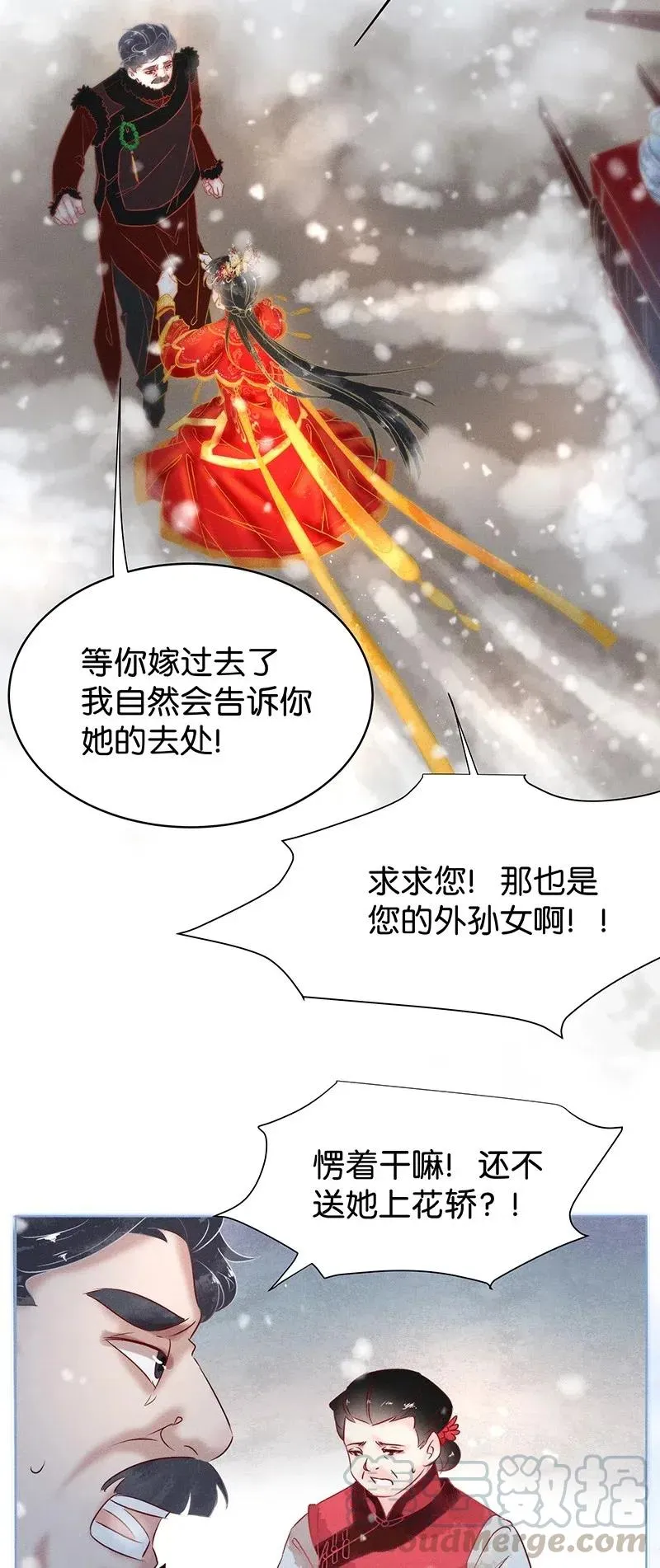 59 花霜篇15 第7页
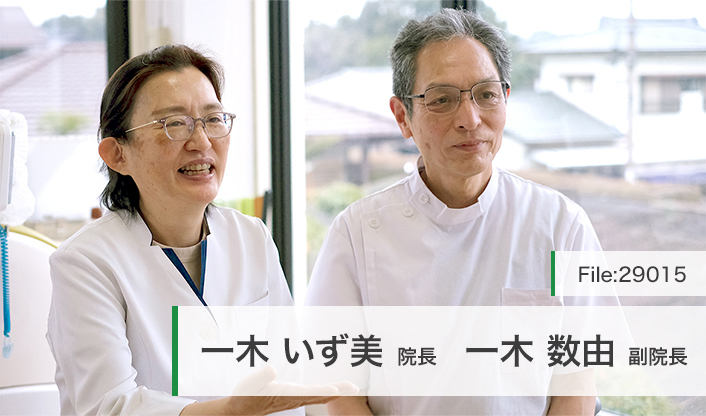 一木いず美院長、一木数由副院長 門司歯科医院 main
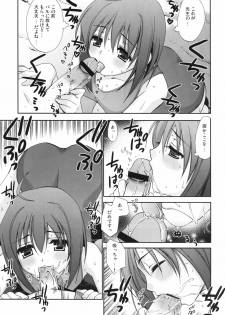 (SC33) [Teruo Haruo (Kanekiyo Miwa)] Negi Chari! 8 (Mahou Sensei Negima!) - page 5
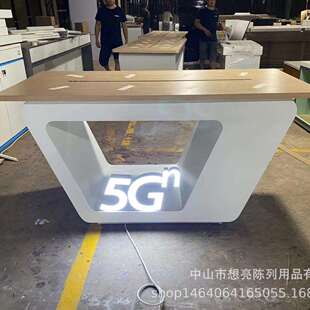 中国联通新款体验桌业务受理台配件柜3C终端产品柜智慧家庭展示墙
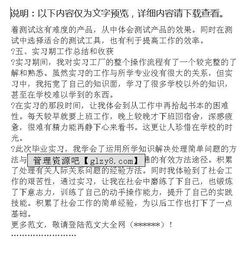 關(guān)于凃裝車間實(shí)習(xí)報(bào)告范文(關(guān)于凃裝車間實(shí)習(xí)報(bào)告范文)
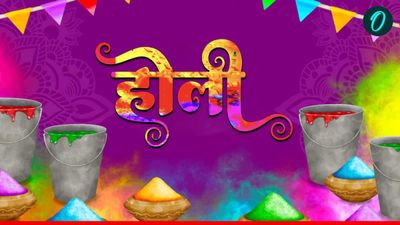  Holi 2025 : इन चार राशियों के लिए फाल्गुन पूर्णिमा है बेहद लकी, बरसेगी लक्ष्मी कृपा,  मिलेगा सम्मान 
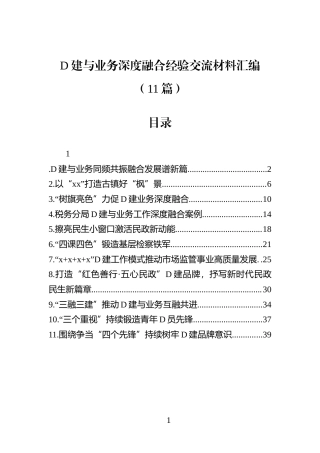 党建与业务深度融合经验交流材料汇编(11篇)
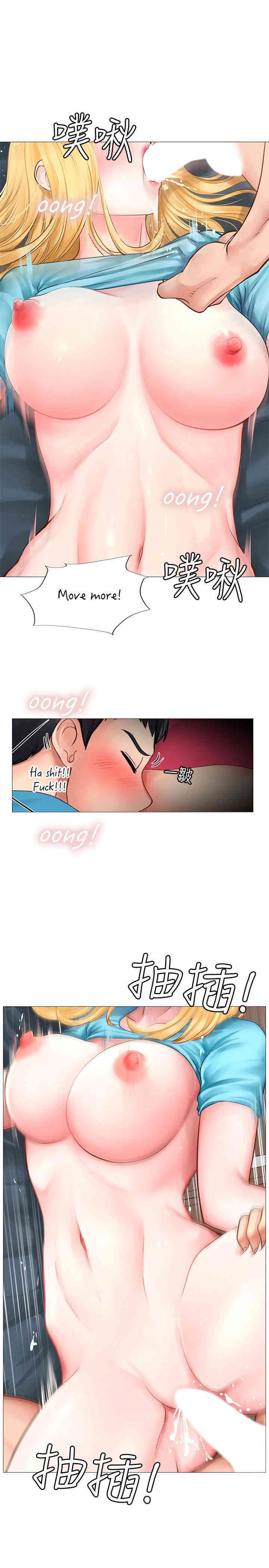 第27张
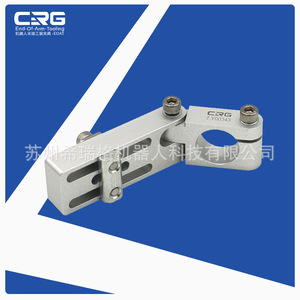 Soporte de Montaje para Brazo Robótico de Alta Resistencia, Perfil SMBE3, Conector Ajustable en Ángulo, Abrazadera de Fijación para Tubo de Acero, Accesorios para Fijación - Product Image 3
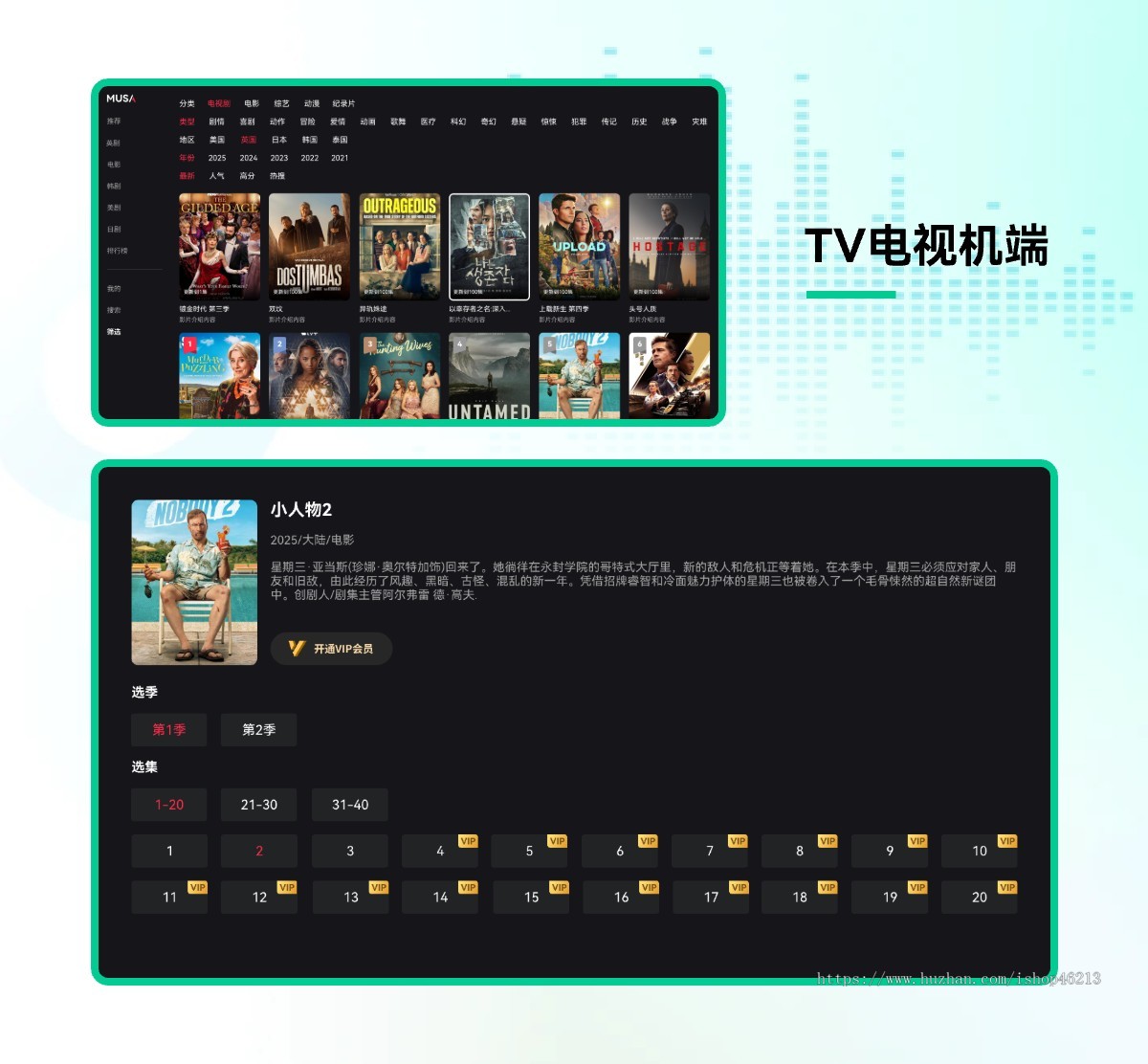 超越人人视频,爱一帆,一起看,安卓APP,IOSAPP,PC端,windows端,MAC端,TV电视端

# Task brief:
Except for the pictures, set down all of the records exactly as they are.

# Output below:
 59 花霜篇15 第7页
 一木いず美院長、一木数由副院長 門司歯科医院 main
 (SC33) [Teruo Haruo (Kanekiyo Miwa)] Negi Chari! 8 (Mahou Sensei Negima!) - page 5
 中国联通新款体验桌业务受理台配件柜3C终端产品柜智慧家庭展示墙
 關(guān)于凃裝車間實(shí)習(xí)報(bào)告范文(關(guān)于凃裝車間實(shí)習(xí)報(bào)告范文)
  Holi 2025 : इन चार राशियों के लिए फाल्गुन पूर्णिमा है बेहद लकी, बरसेगी लक्ष्मी कृपा,  मिलेगा सम्मान 
 党建与业务深度融合经验交流材料汇编(11篇)
 第27张
 Soporte de Montaje para Brazo Robótico de Alta Resistencia, Perfil SMBE3, Conector Ajustable en Ángulo, Abrazadera de Fijación para Tubo de Acero, Accesorios para Fijación - Product Image 3
 超越人人视频,爱一帆,一起看,安卓APP,IOSAPP,PC端,windows端,MAC端,TV电视端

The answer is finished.